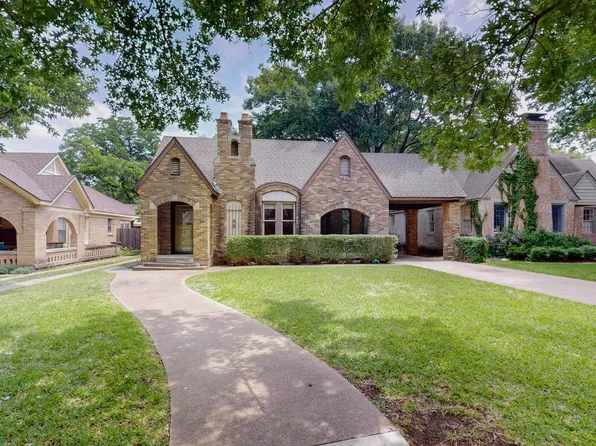 1022 N Edgefield Ave, Dallas, TX 75208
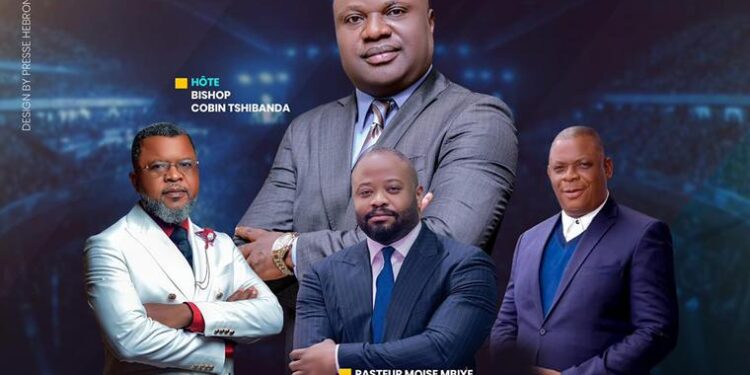 Religion: « Oh ! Dieu de chez nous », la Communauté évangélique Hébron annonce une grande convention à Mbujimayi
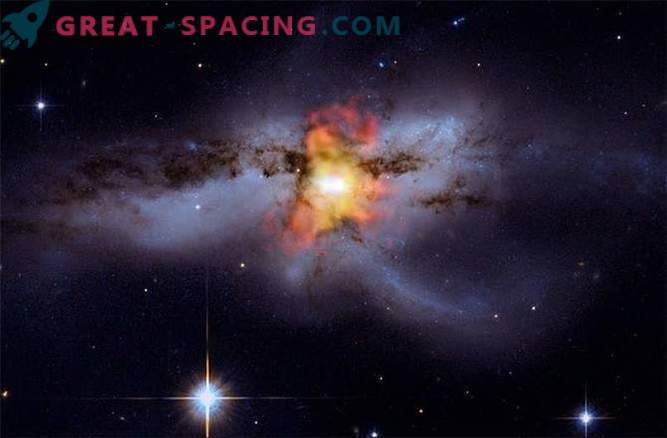 Collisione di buchi neri e l'alba dell'astronomia gravitazionale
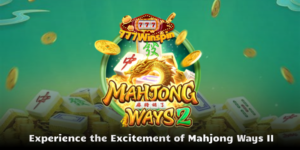 mahjong ways II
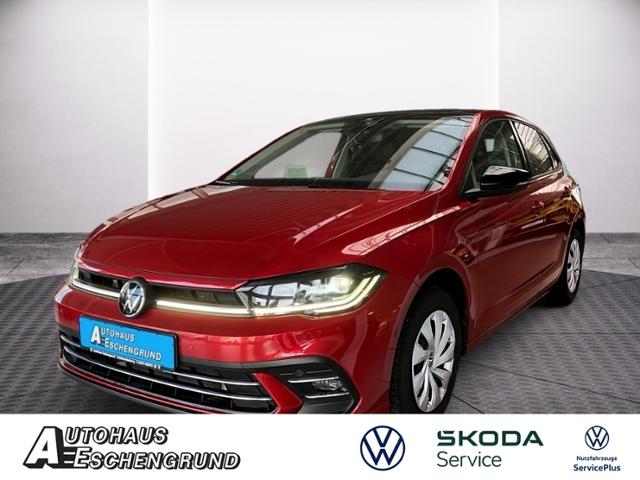 Volkswagen Polo 1.0 TSI DSG Style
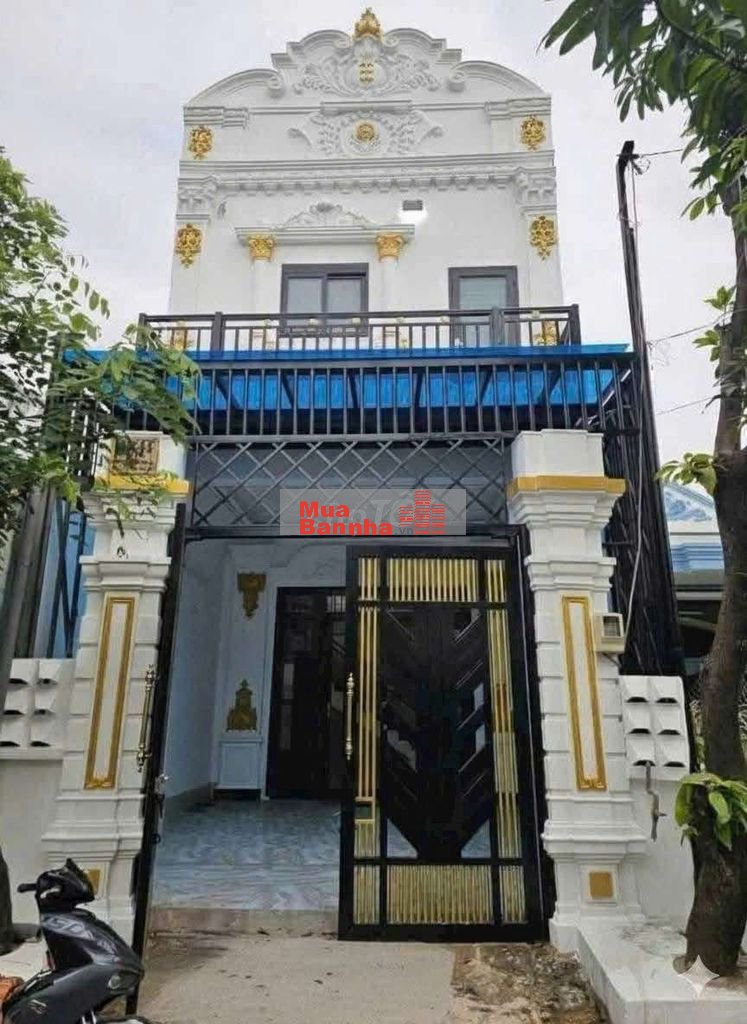 Cần Bán gấp nhà Dep Xả xuân thới xuân Hóc Môn .DT 5x20 1 trệt .1 Lầu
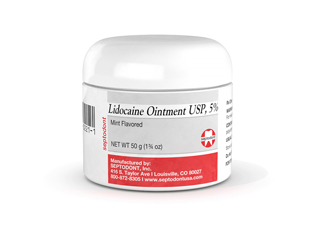 Lidocaine Ointment Topical
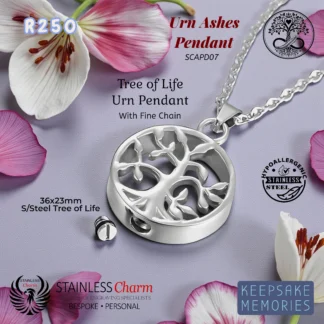 Tree of Life Keepsake - (SCAPD07)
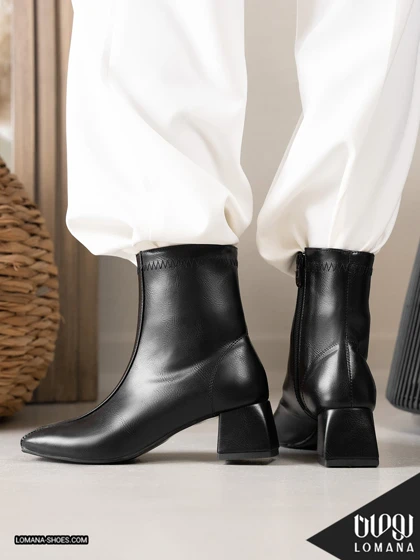 بوت پاشنه جالیز لومانا - کد 2629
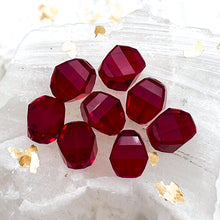 Load image into Gallery viewer, 8mm Siam Premium Austrian Crystal Lucerna Bead -8pcs
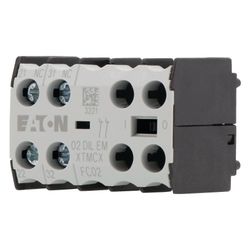 Eaton Hilfsschalterbaustein 31DILE, 4-polig 3S 1Ö, Frontbefestigung, Schraubanschluss, 4A... EATON-048912 4015080489122 (Abb. 1)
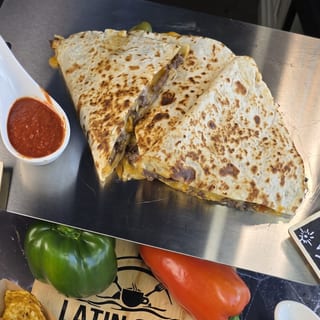 Cheese Quesadilla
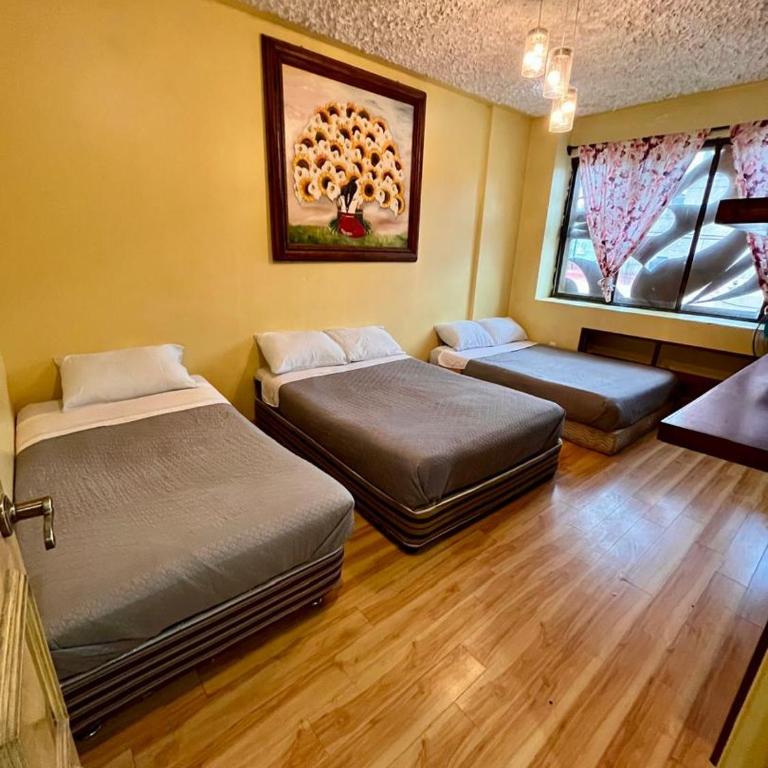 Gran México - Habitación Familiar - 42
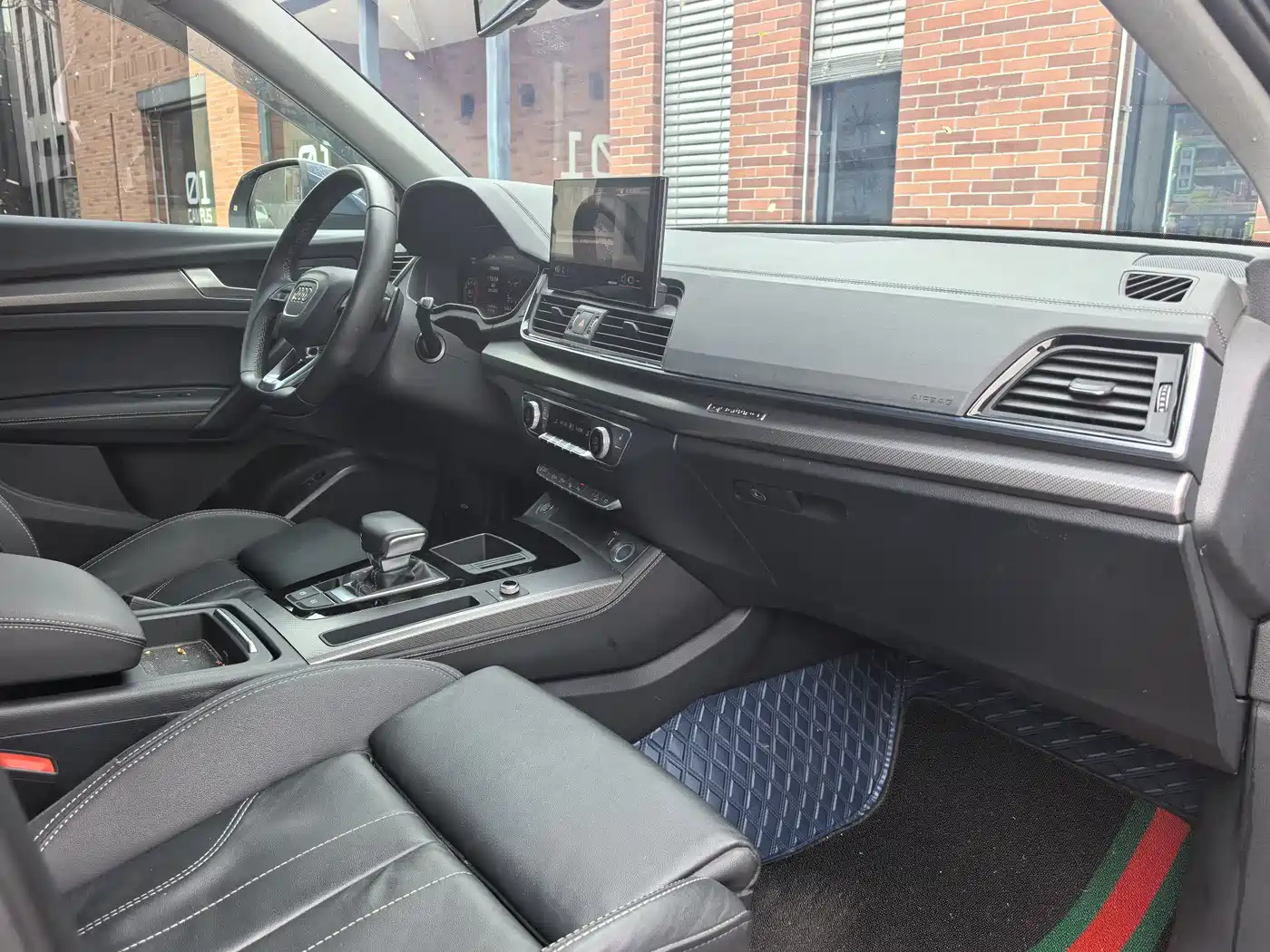 Audi Q5L 2022 40T RS Kit Racing Speed Edition фото 16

**Your task:**
Reproduce the material word for word, pictures excluded.

**Solved exercise:**
 1022 N Edgefield Ave, Dallas, TX 75208
 Religion: « Oh ! Dieu de chez nous », la Communauté évangélique Hébron annonce une grande convention à Mbujimayi
 Collisione di buchi neri e l'alba dell'astronomia gravitazionale
 mahjong ways II
 Volkswagen Polo 1.0 TSI DSG Style
 Cần Bán gấp nhà Dep Xả xuân thới xuân Hóc Môn .DT 5x20 1 trệt .1 Lầu
 Lidocaine Ointment Topical
 Tree of Life Keepsake - (SCAPD07)
 بوت پاشنه جالیز لومانا - کد 2629
 Load image into Gallery viewer, 8mm Siam Premium Austrian Crystal Lucerna Bead -8pcs
 Eaton Hilfsschalterbaustein 31DILE, 4-polig 3S 1Ö, Frontbefestigung, Schraubanschluss, 4A... EATON-048912 4015080489122 (Abb. 1)
 Cheese Quesadilla
 Gran México - Habitación Familiar - 42
 Audi Q5L 2022 40T RS Kit Racing Speed Edition фото 16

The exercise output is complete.